FOXBOROUGH — No work for the Patriots.

They have botched their handling of their quarterbacks in recent weeks, particularly in Mack Jones. Damaged with every passing minute.

But with the New York Jets moving forward, Bill Belichick had to find a way to get back on track Wednesday, pave an escape route and put a lot of bandages on the problem to stop the bleeding.

And he did. So far.

Sources confirmed to the Herald that McJones will start Sunday against the Jets. So thankfully, a week with growing suspense won’t be too suspenseful.

Let’s hope it stays that way. In the NFL, quarterback problems are the worst problem whether it’s for a week, or an entire season.

As of Wednesday, the Patriots had two quarterbacks who didn’t know which end was which, along with players across the room who didn’t know who was leading the offense.

Thankfully, Belichick has implemented at least a temporary solution. But he also needs to make it clear, whether publicly or inside the room, that he stands by Jones through the rest of the season.

Temporarily won’t cut it in the locker room. Day to day and week to week does not work. Either Jones is the man now and for the future, or he isn’t. There really is no time to waste when it comes to backing the top man.

The Patriots face a make-or-break game on Sunday. If they expect to go anywhere this season, or at least give themselves a shot, they will have to beat a much better Jets team at MetLife Stadium.

To doubt the most important point at this stage would have been disastrous. As legendary offensive line coach Dante Scarnicchia opined during an appearance on WEEI’s “The Greg Hill Show” on Wednesday, it was time for Belichick to fish or cut bait on quarterbacks.

“I think it’s a tough situation right now. I’d like to see them say, ‘Hey, this guy’s starting, and we (the Jets) are playing, and we’re going this way.’ I don’t think it’s time for a trial,” Scarnicchia said. “They’ve got a big game against the Jets on Sunday. They need to win that game … so let’s just make a decision, ride it out, and run it hard.

Couldn’t agree more.

While Belichick may love a good mystery, and may like to keep everyone in suspense as to which quarterback will play, or both, as was the case Monday night, he needs to stop fanning the flames. was

He needed to put out the fire he had set in motion before it was too late and the season went completely down the drain.

Belichick may believe he’s giving the opponent extra work by not revealing his starter, but it was ridiculous to keep hearing the “we’ll see what happens” line.

Because that strategy was doing more harm than good.

Jones and Bailey Zappé were suffering in their own way, and by extension, so was the team, blown away by the Bears.

With no recognized No. 1, the impression was that the two quarterbacks were still competing for the job, though Belichick insisted Wednesday that was not the case.

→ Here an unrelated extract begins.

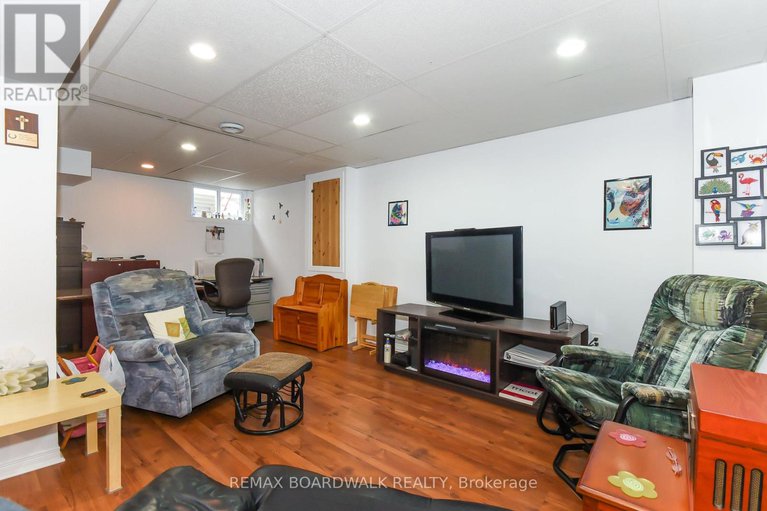 29379772/67-406-valade-crescent/fallingbrookpineridge/ottawa/ontario/K4A2W2_30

Well, but there was a reason Belichick was backing away from committing to Jones.

And that was the root of the problem.

Maybe the injury forced all the mystery, and Monday night’s loss was just Belichick’s way of giving Jones some work until the more important game against the Jets.

That said, Belichick could have stopped all the noise in his tracks weeks ago by simply saying Mack was his starter whenever he was healthy and ready to play.

End of story.

Instead, a wall of uncertainty was erected. Doubts were expressed about Belichick’s trust in Jones, and it essentially threw the quarterback position into disarray.

If Belichick’s intention was to try to give Jones a bit of competition with Zappa to make him better when he returns, that horse left the barn Monday night.

Yanking Jones after just three series, with one pick being his final play, only set the table for more questions and more headaches.

So it was fitting for Belichick to clean up the mess.

The weather depended on it. Quarterbacks needed an explanation for themselves, and also for a locker room they were forced to support.

Before the season started, Belichick made it very clear where the buck stopped. He said he “took responsibility for everything that happened on the field.”

Well, he desperately needed to fix what was broken.

Now that he has, it’s time for Jones to respond. Now is the time for him to get comfortable in the pocket, clean up the turnovers, grow with the offense and become the quarterback envisioned when he was taken 15th overall in last year’s NFL draft. was

“We have a plan. For me right now, it’s to be a better quarterback and a better player individually and I’m doing everything I can to do that,” Jones said Wednesday. “I just want to prove it every day, and that’s what I’m going to do.”

Jones also provided a big-picture perspective for the group that was spot on.

“I want it to be about the great offense we’re trying to build,” he said. “I think we’re making good progress. We want to get better, we all know that. We want to score more points, we want to do things better.

Having a recognized starting quarterback is certainly a good place to start.